:: The data ::
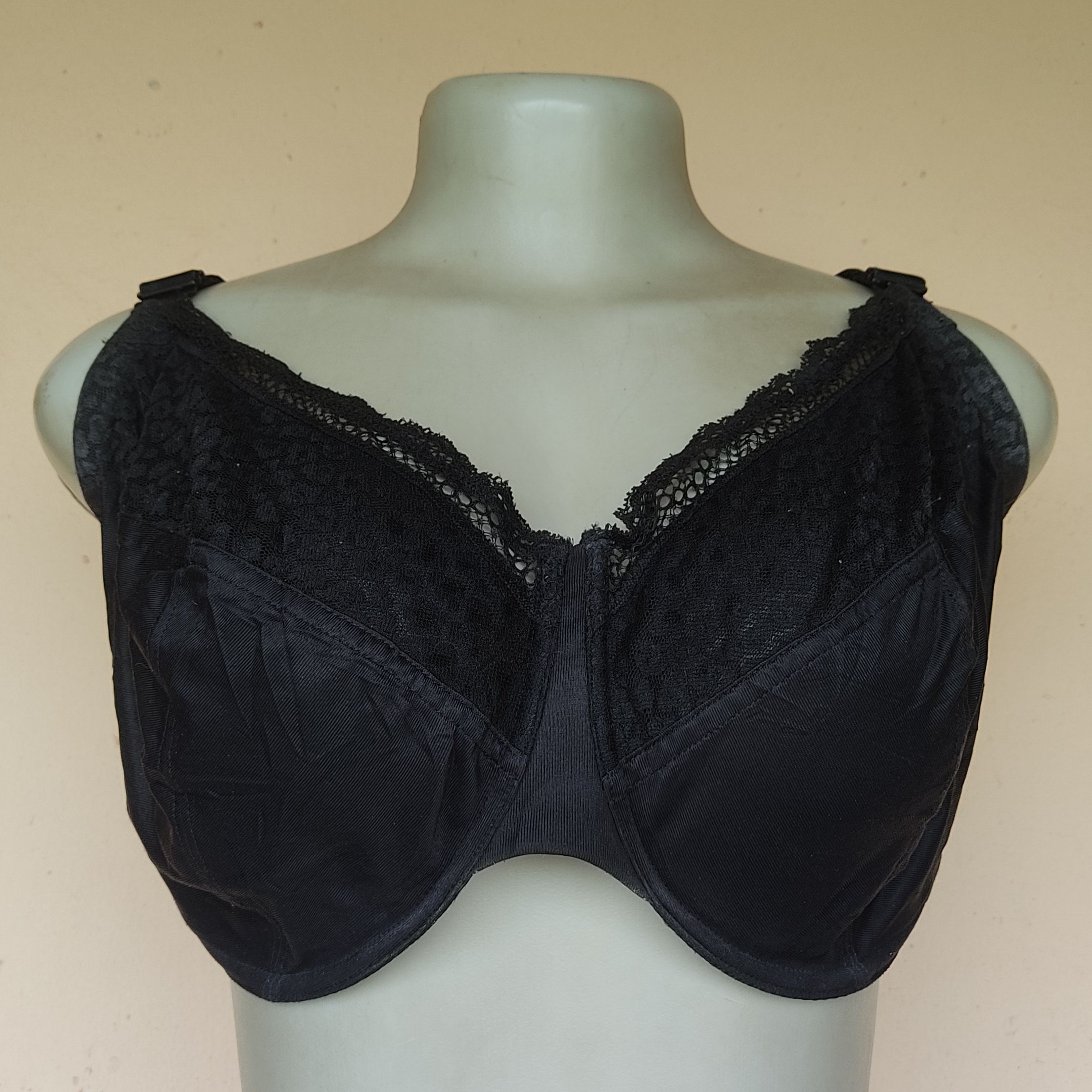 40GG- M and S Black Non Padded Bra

--

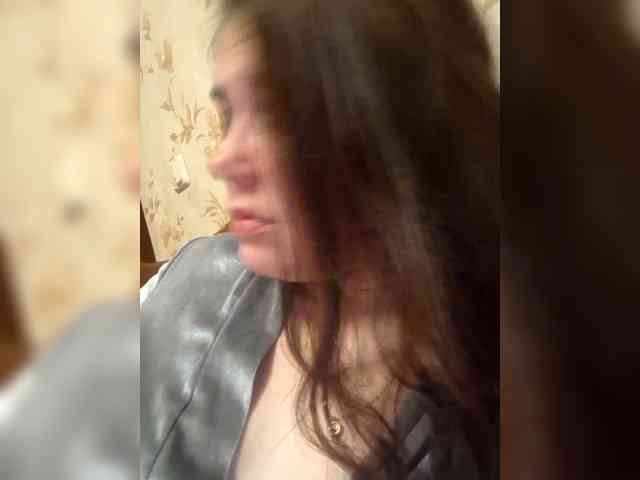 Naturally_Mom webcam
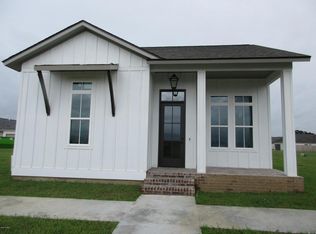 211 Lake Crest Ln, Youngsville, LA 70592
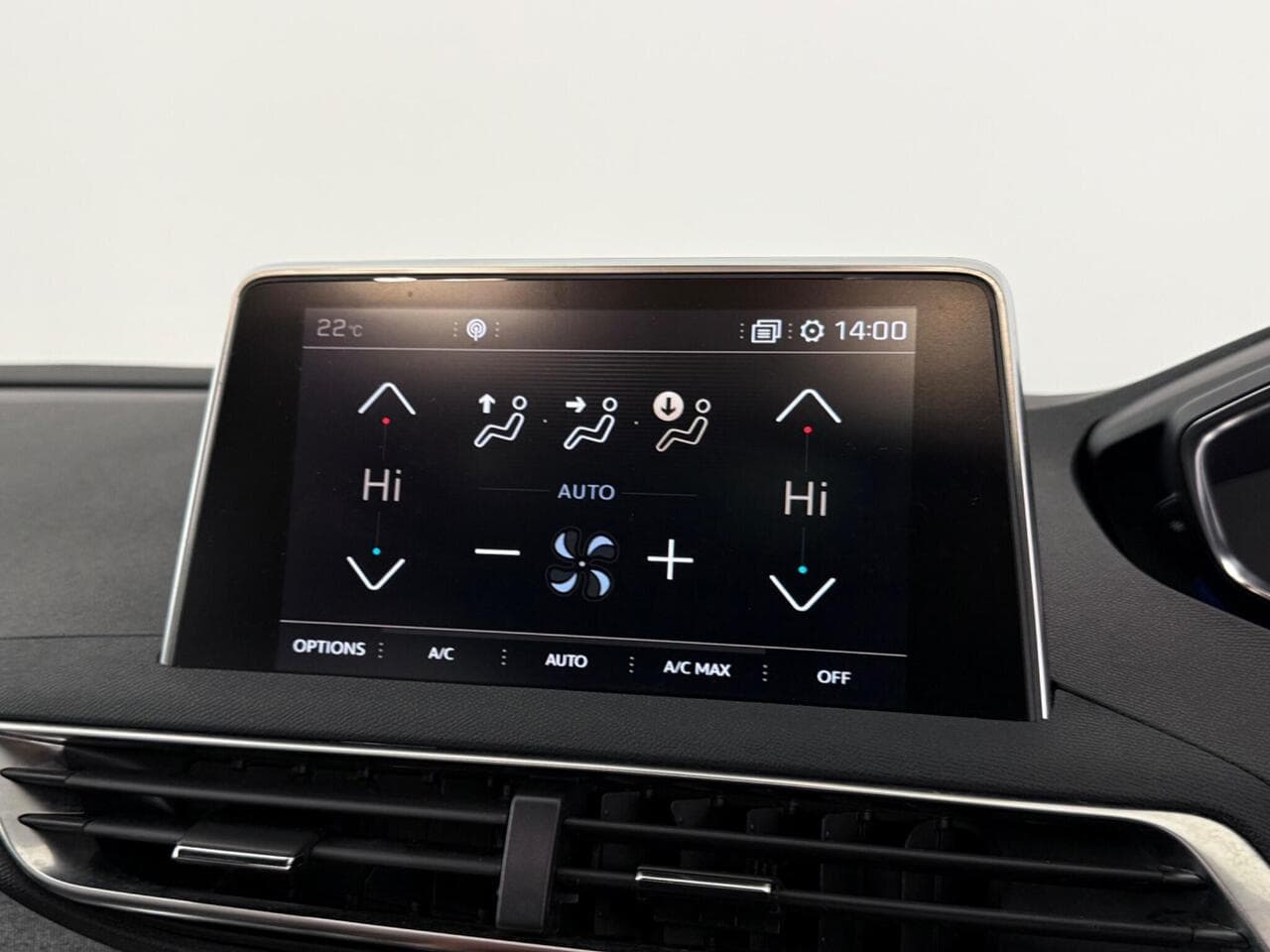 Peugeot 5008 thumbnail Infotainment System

==

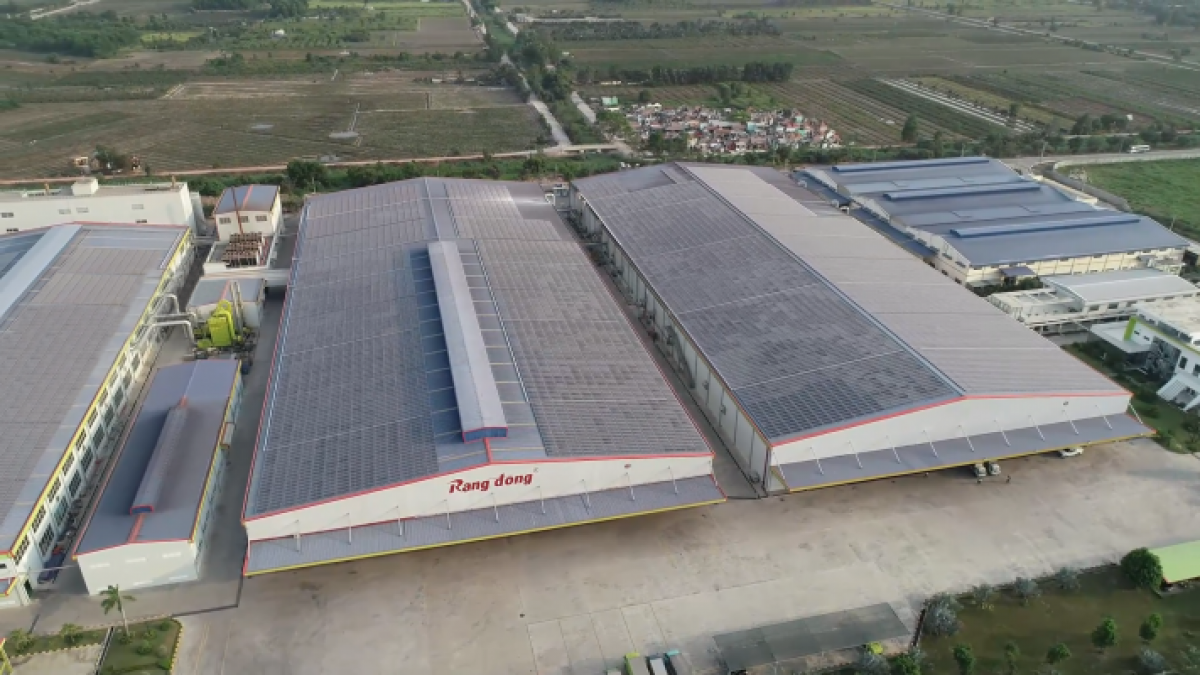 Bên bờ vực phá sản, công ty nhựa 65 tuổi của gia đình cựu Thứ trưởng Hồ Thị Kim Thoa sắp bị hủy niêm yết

:: Work instructions ::
Give back exactly the lines of the listing above from the one that contains "Naturally_Mom webcam" up to and including the one that contains "Peugeot 5008 thumbnail Infotainment System", but not the pictures, and no other lines.

:: Reply to the exercise ::
 Naturally_Mom webcam
 211 Lake Crest Ln, Youngsville, LA 70592
 Peugeot 5008 thumbnail Infotainment System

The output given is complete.